Мне только остаётся поздравить Русскую Драму с таким новым, в чём-то даже иным, не привычным спектаклем в репертуаре, который стучится в двери тотального театра. Но в то же время я спешу сразу же добавить: этот спектакль выявил, что многие актёры труппы просто профессионально не готовы воплотить замысел литовского режиссёра на сцене. Проблемы есть не только в пластике, в речевом аппарате, но и во внутреннем настрое на игру. Они с трудом, через большие усилия, приспосабливались к предложенной Вайткусом эстетике условного (восточного) театра, к эстетике театра сказителя, а иногда просто не знали чем и как занять себя на сцене. Поэтому особо выделить некого: хотя они все добросовестно и усиленно старались не исказить пластический рисунок спектакля и выполнить задачи, поставленные режиссёром. Но при этом от них веяло леденящим холодом, отчуждённостью, кроме эпизодов, когда режиссёр давал им возможность вернуться к ортодоксальному театру и сыграть так, как к этому они обучены в Русской Драме. При всём при этом я вам скажу по секрету, что потенциал данной постановки довольно высок, и она может укрепиться в репертуаре театра. Если, конечно, актёры будут более чётко, более филигранно, более точно и более творчески отобразить и акцентировать в пластике эмоционально-смысловую нагрузку каждого эпизода. К примеру, актёры Наина Ибрагимова, Максуд Мамедов, Олег Амирбеков в чём-то более-менее приближаются именно к такому стилю существования на сцене. Мне даже импонировала игра Максуда Мамедова, когда тот представлял на сцене визиря Бахрам шаха. С одной стороны его внешность, и в особенности, причёска отсылала зрителей к культуре стран Дальнего Востока; а с другой, актёр в манере подачи литературного текста цитировал, используя голосовые модуляции, стилистику прочтения стихов А.С.Пушкина актёром театра на Таганке Владимиром Высоцким. Этим он обогащал не только свою игру, но и смысловой контекст, разыгрываемого эпизода и создавал возможность для ассоциативного переглядывания идей в партитуре спектакля.

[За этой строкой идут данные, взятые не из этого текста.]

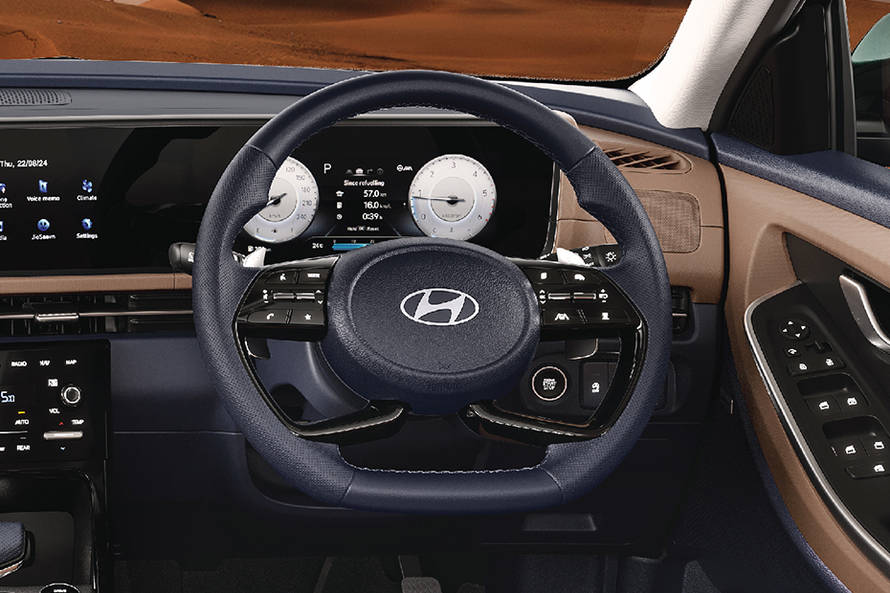 Hyundai Alcazar 2024 Steering Wheel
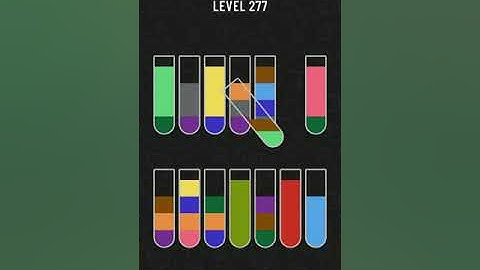 Water Sort Puzzle Level 277 | Level 277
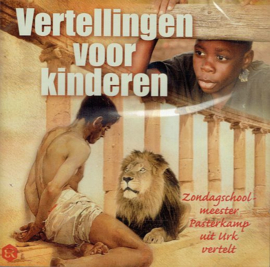 PASTERKAMP, Meester - Vertellingen voor kinderen - deel 1 - Luisterboek/CD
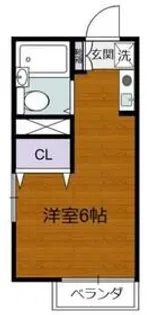 ハイムK【2階】の間取り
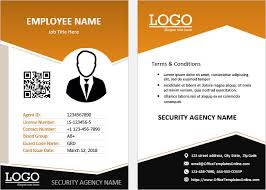 You can download these employee id card templates from this site in a few simple steps. Print Ready Id Card Templates For Ms Word Office Templates Online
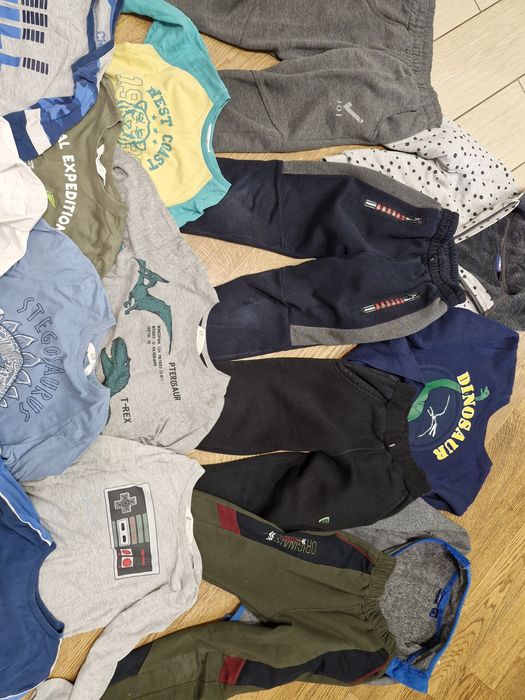 Пакет вещей на мальчика р.110- 116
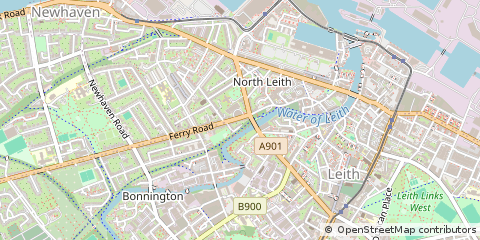 Map of Edinburgh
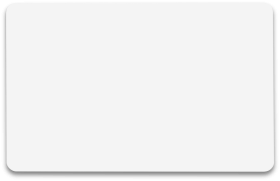 Zebra Premier Karte PVC weiß - 500 stck.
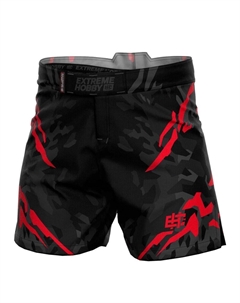 Мужские спортивные шорты - тренировки и фитнес BLACK PANTHER Extreme hobby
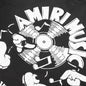 Amiri Music Record Tee - Black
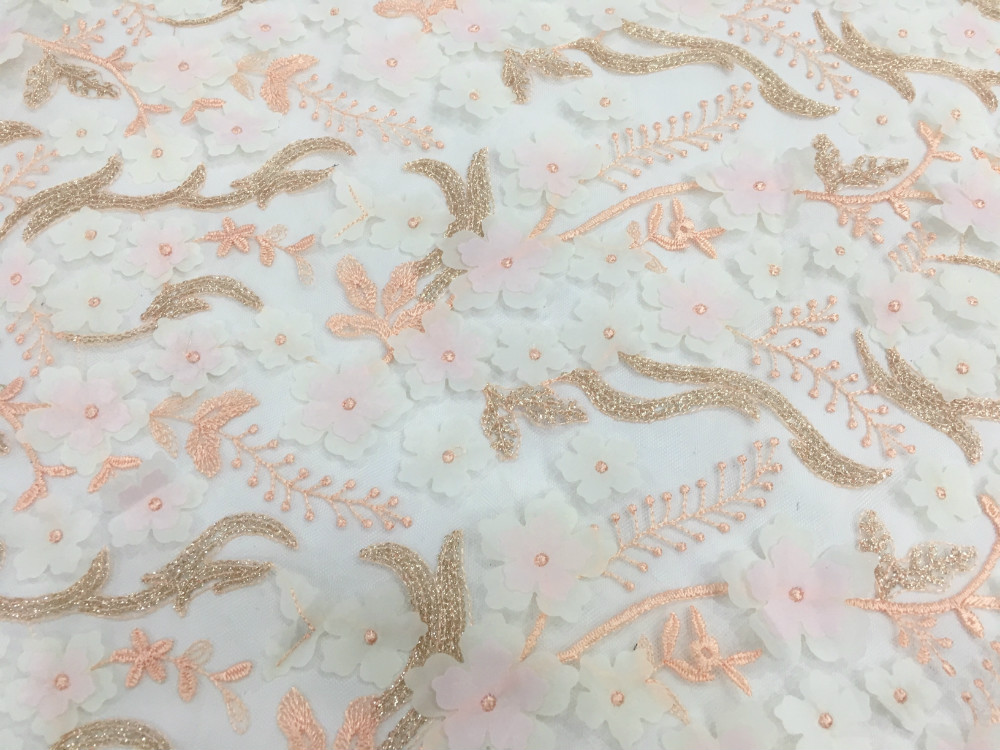 chiffon embroidery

Спектакль Вайткуса тем и хорош, что он ежесекундно предлагает своим актёрам стать со-творцом мира «Семи красавиц» Низами. Декоративный фон и даже костюмы придуманы таким образом, что требуют постоянного творческого, живого, импровизационного подхода от актёров, чтобы раскрыть вложенный в них театральный потенциал.
На этом я хочу остановится, и поблагодарить коллектив Русской Драмы, литовскую команду во главе с режиссёром Йонасом Вайткусом за то, что они подарили современной азербайджанской театральной культуре вот такой, совершенно новый, в чём-то экспериментальный, в чём-то авангардный спектакль по мотивам роскошной поэмы гениальнейшего из людей Низами Гянджеви «Семь красавиц» и с такой пиитической любовью отнеслись к тексту произведения.